**WORK TO BE COMPLETED:**
From the line that includes "this 314×320 image." to the last line of the data, quote each line precisely; both boundary lines belong in the answer.

Text-to-region grounding data:
--- START ---

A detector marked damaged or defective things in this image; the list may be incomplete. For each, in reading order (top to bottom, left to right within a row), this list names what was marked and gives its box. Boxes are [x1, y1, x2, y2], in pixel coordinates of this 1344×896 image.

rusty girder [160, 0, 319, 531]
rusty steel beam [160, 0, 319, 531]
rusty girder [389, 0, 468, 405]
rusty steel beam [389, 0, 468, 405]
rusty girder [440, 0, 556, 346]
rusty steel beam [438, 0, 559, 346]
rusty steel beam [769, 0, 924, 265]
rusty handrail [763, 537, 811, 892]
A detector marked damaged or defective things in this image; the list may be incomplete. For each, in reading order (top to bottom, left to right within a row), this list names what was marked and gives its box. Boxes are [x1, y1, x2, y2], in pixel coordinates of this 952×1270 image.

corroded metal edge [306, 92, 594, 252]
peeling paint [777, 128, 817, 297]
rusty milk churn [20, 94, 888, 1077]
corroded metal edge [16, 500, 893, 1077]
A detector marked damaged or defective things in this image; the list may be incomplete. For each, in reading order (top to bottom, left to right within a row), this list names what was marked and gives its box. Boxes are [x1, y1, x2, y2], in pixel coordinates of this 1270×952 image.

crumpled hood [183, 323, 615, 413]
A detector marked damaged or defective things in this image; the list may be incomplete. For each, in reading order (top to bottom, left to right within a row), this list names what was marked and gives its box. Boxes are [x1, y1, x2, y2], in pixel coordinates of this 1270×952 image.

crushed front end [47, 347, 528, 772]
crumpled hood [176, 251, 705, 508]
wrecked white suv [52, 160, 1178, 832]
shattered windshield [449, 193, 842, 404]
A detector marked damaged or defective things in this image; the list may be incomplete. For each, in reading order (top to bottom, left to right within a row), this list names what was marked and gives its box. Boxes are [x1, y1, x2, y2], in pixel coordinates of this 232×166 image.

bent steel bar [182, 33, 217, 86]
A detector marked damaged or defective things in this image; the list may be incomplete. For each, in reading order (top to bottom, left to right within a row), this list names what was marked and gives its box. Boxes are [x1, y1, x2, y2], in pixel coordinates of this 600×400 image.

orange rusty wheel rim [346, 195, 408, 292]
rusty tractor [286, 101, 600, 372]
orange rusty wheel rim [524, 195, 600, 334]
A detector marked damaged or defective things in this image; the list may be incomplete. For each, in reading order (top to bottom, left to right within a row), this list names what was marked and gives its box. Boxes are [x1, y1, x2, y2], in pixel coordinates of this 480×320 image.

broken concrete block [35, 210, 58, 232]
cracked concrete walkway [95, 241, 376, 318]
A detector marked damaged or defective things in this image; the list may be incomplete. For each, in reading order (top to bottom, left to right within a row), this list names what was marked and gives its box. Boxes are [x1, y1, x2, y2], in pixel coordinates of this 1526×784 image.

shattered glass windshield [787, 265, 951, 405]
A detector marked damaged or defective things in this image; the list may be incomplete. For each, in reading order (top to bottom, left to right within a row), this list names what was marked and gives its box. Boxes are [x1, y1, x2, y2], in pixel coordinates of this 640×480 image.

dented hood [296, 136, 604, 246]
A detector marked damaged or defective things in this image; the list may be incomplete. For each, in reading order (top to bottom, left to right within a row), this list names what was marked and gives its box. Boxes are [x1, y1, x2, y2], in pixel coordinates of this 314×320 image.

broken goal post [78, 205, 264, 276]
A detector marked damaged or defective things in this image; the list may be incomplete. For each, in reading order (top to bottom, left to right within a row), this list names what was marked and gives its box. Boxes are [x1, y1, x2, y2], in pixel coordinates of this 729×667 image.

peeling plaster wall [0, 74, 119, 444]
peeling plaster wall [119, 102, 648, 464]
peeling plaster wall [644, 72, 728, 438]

--- END ---

**SOLVED PROBLEM:**
A detector marked damaged or defective things in this image; the list may be incomplete. For each, in reading order (top to bottom, left to right within a row), this list names what was marked and gives its box. Boxes are [x1, y1, x2, y2], in pixel coordinates of this 314×320 image.

broken goal post [78, 205, 264, 276]
A detector marked damaged or defective things in this image; the list may be incomplete. For each, in reading order (top to bottom, left to right within a row), this list names what was marked and gives its box. Boxes are [x1, y1, x2, y2], in pixel coordinates of this 729×667 image.

peeling plaster wall [0, 74, 119, 444]
peeling plaster wall [119, 102, 648, 464]
peeling plaster wall [644, 72, 728, 438]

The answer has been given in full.